• [Problem requirements]
Lines below starting with the line with "Tufted Double USA Flag Lumbar Pillow" and going on through the line with "Allen Solly Floral" must be output exactly; the rest of the records must be left out.

• [The data]
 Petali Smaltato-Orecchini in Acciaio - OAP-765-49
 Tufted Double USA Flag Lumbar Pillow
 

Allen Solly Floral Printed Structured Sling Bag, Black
...
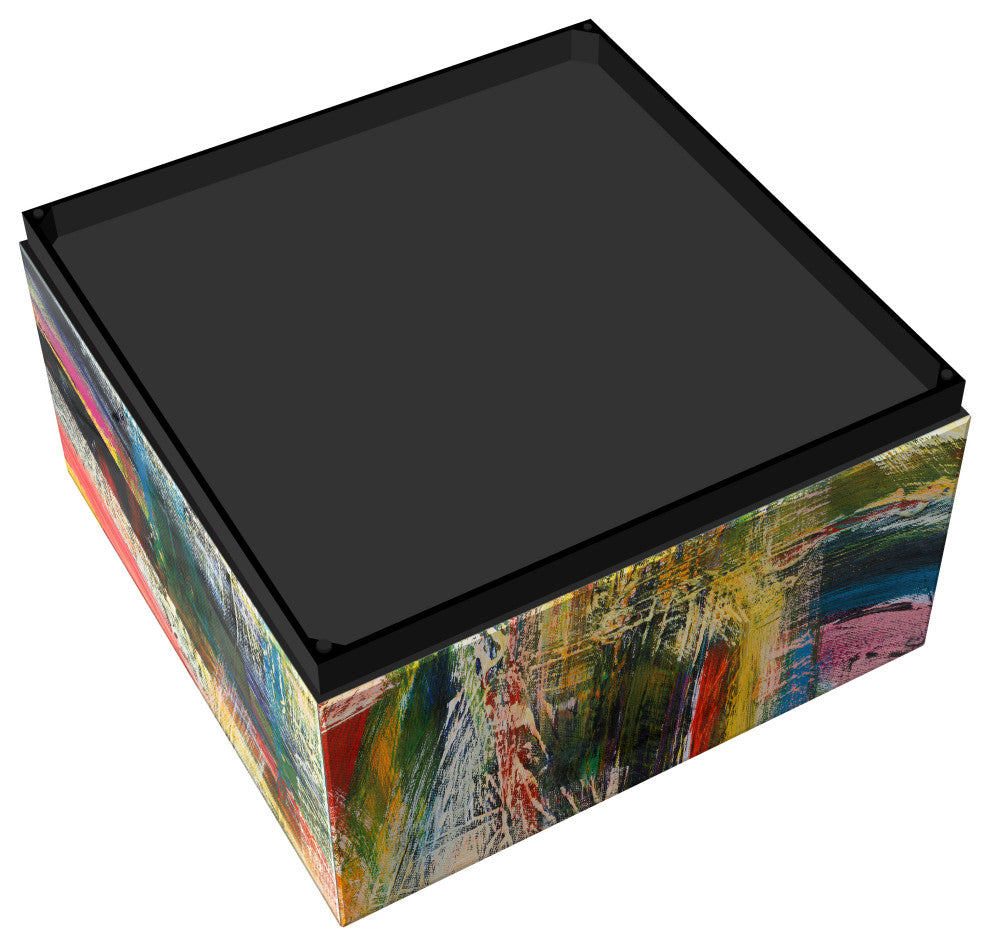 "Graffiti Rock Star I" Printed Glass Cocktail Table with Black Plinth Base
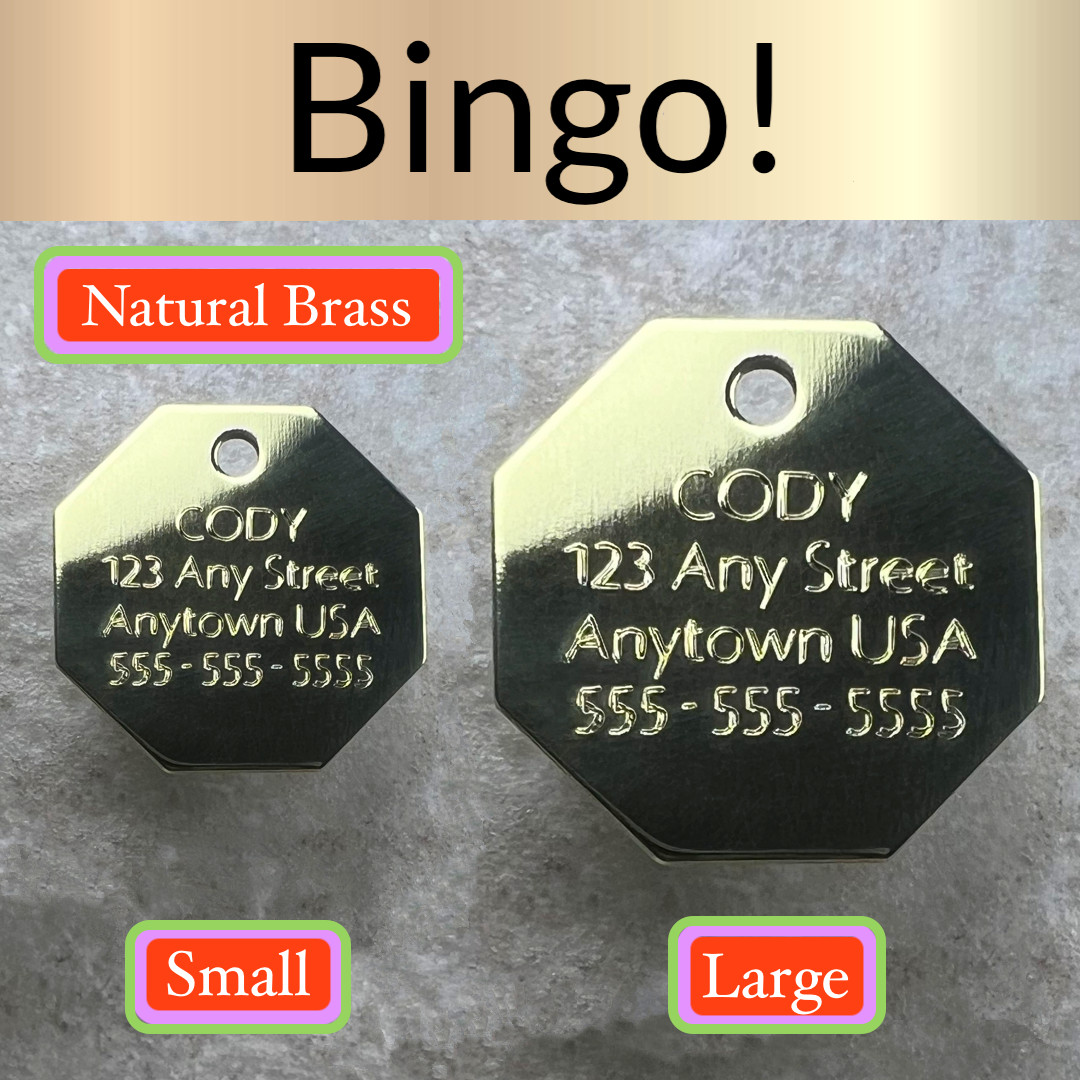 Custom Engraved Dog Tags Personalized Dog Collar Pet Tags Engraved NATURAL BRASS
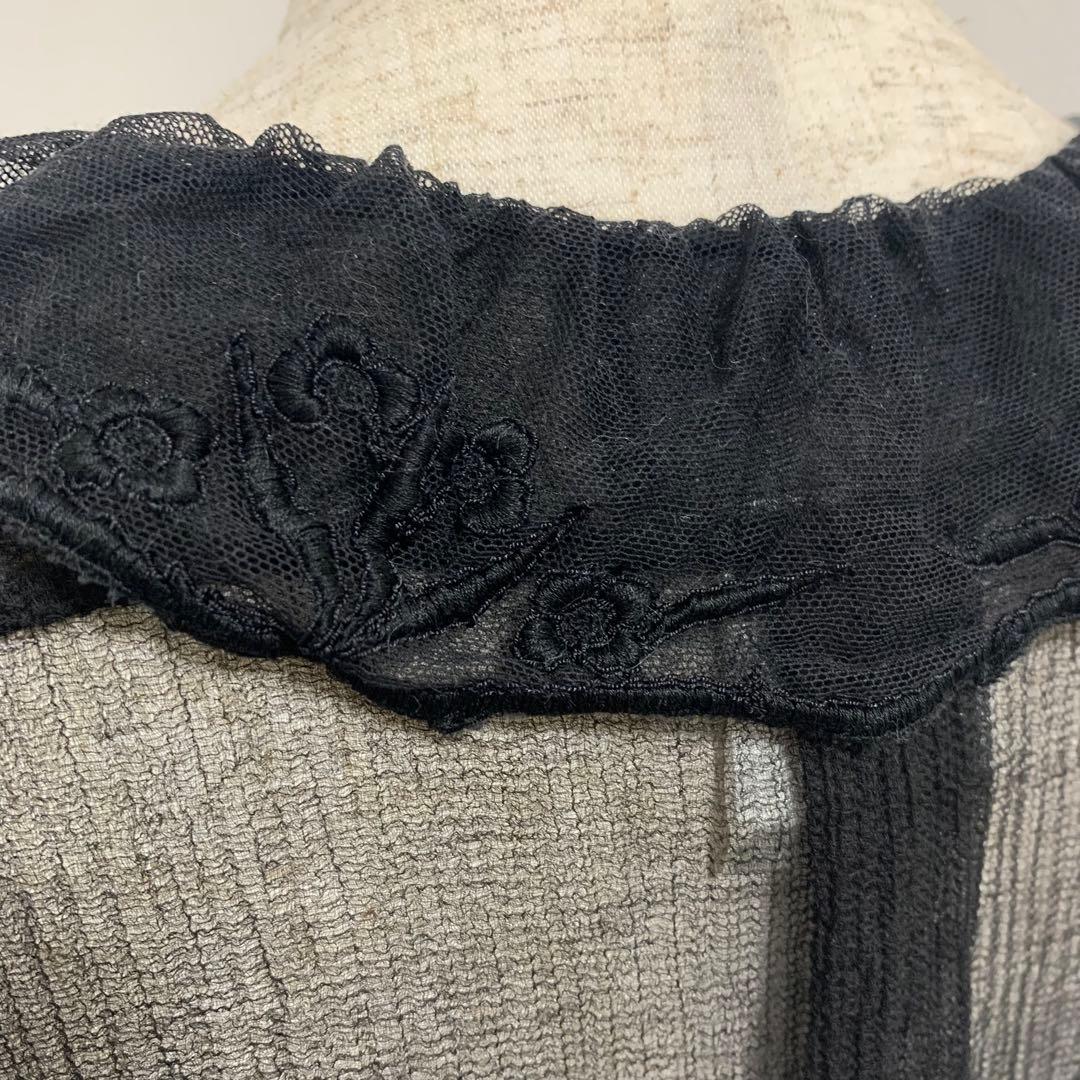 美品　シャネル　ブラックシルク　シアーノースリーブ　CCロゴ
* * *
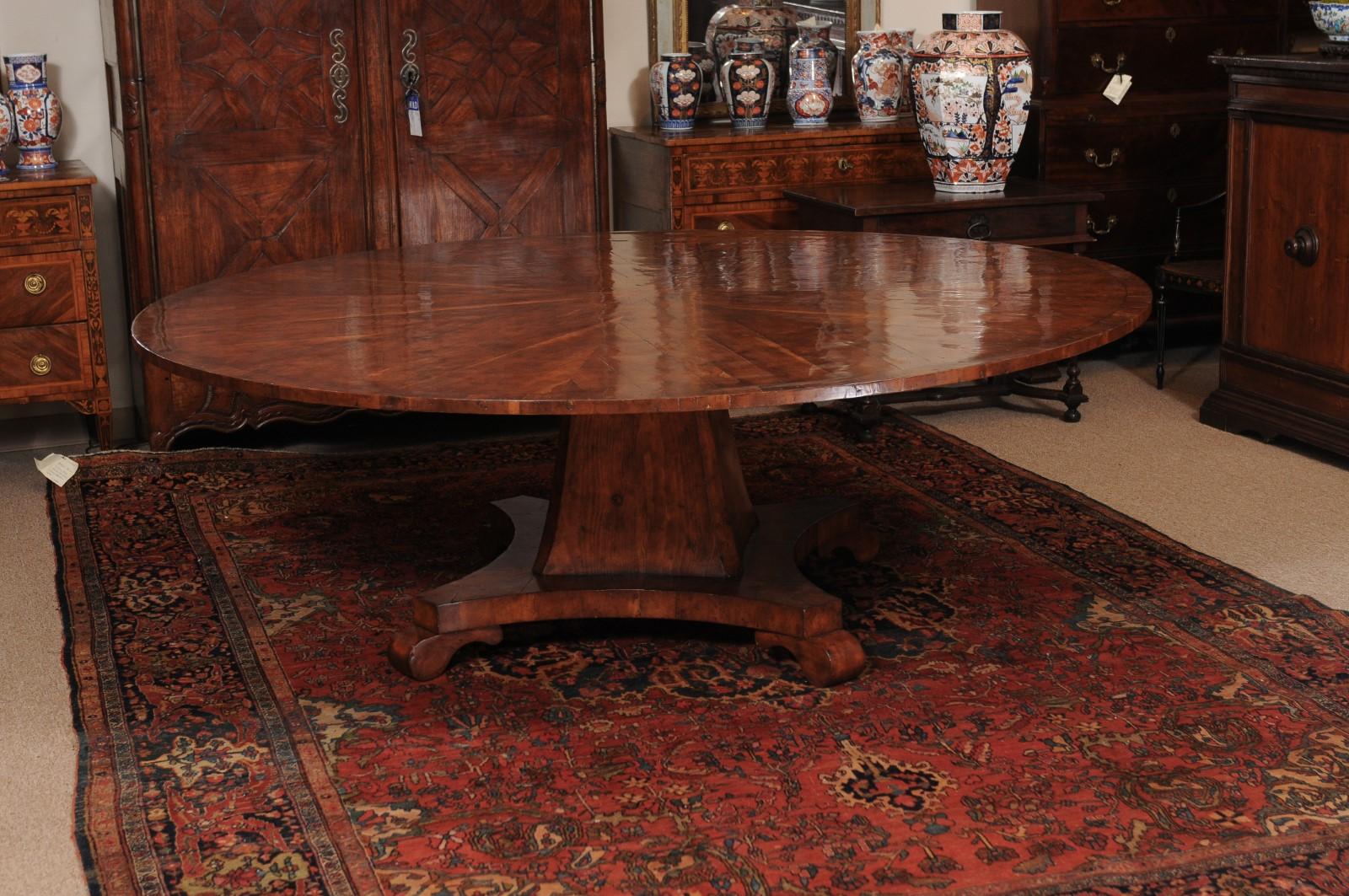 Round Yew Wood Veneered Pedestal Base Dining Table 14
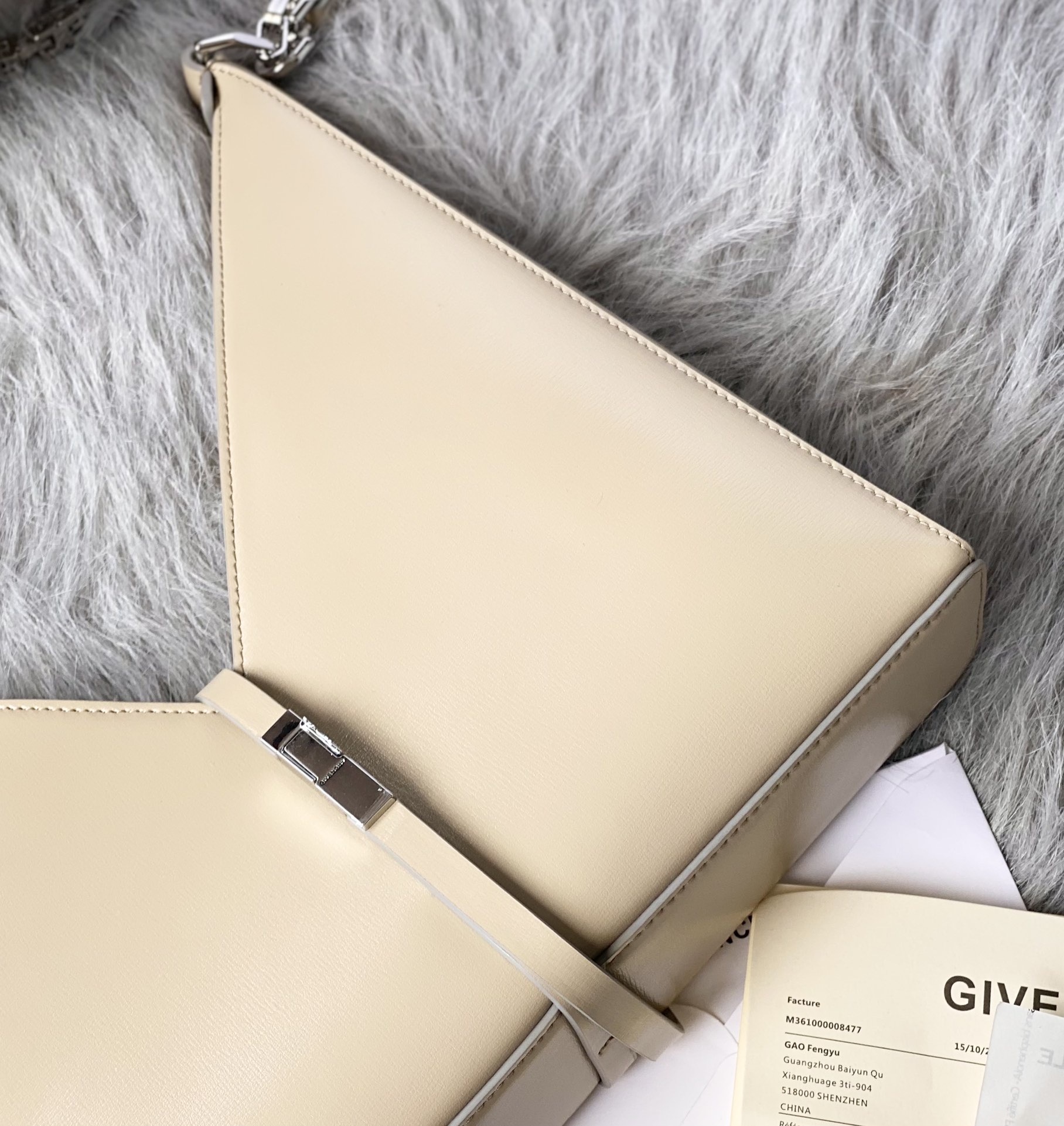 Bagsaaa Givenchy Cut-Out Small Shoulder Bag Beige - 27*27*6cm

• [Solution to this exercise]
 Tufted Double USA Flag Lumbar Pillow
 

Allen Solly Floral Printed Structured Sling Bag, Black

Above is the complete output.